¡ECHEN A SONAR

LAS VUVUZELAS!

Por Pablo Vignone

Se abre la puerta derecha. Asoma una cabeza al interior del habitáculo. No es un cohete de la NASA pero carga en sus entrañas un motor de Oreste Berta, de manera que a mí me genera una excitación similar.


-Agustín, mirá que tiene mil de espiral atrás –dice el ingeniero en un código más o menos comprensible. Mil libras, presumo- Está preparado para hacer trompos.

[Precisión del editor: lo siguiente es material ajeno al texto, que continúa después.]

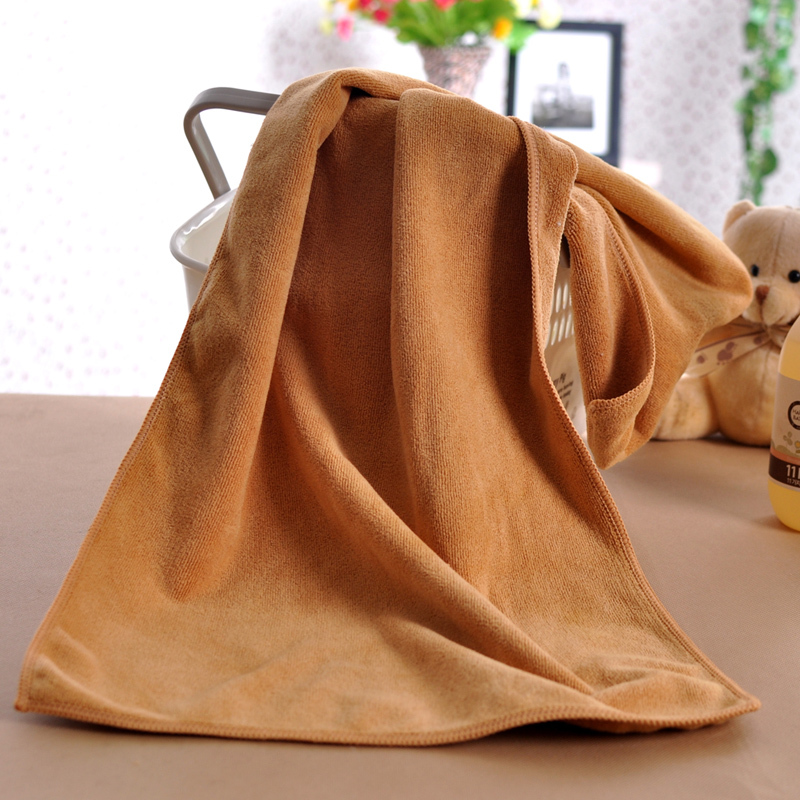 速干家用不毛洗脸擦头比纯棉吸水柔软毛巾男女干巾面巾棕色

Ah, ya no me genera tanto entusiasmo.
Agustín es Canapino, el genio de los simuladores, uno de los pilotos jóvenes con mayor futuro en el automovilismo argentino, tercero en la reciente de la Copa América del Top Race, y quien esta agradable mañana de autódromo aceptó mi voluntad de llevarme a pasear.

-¿Te animás a dar unas vueltas? –propuso con respeto el solícito Leo Lucente, jefe de prensa del Top Race. ¿Y cómo no? Anduve en autos de TC, de TC2000, de rally mundial y nacional, anduve hasta con Ayrton Senna… pero en un caravan que lo traía de Ezeiza al centro. ¿Cómo no me voy a animar? Es un día especial, una jornada organizada para que casi medio centenar de periodistas pudiéramos experimentar, al menos por un ratito, la embargante emoción que produce viajar a bordo de un auto de carreras.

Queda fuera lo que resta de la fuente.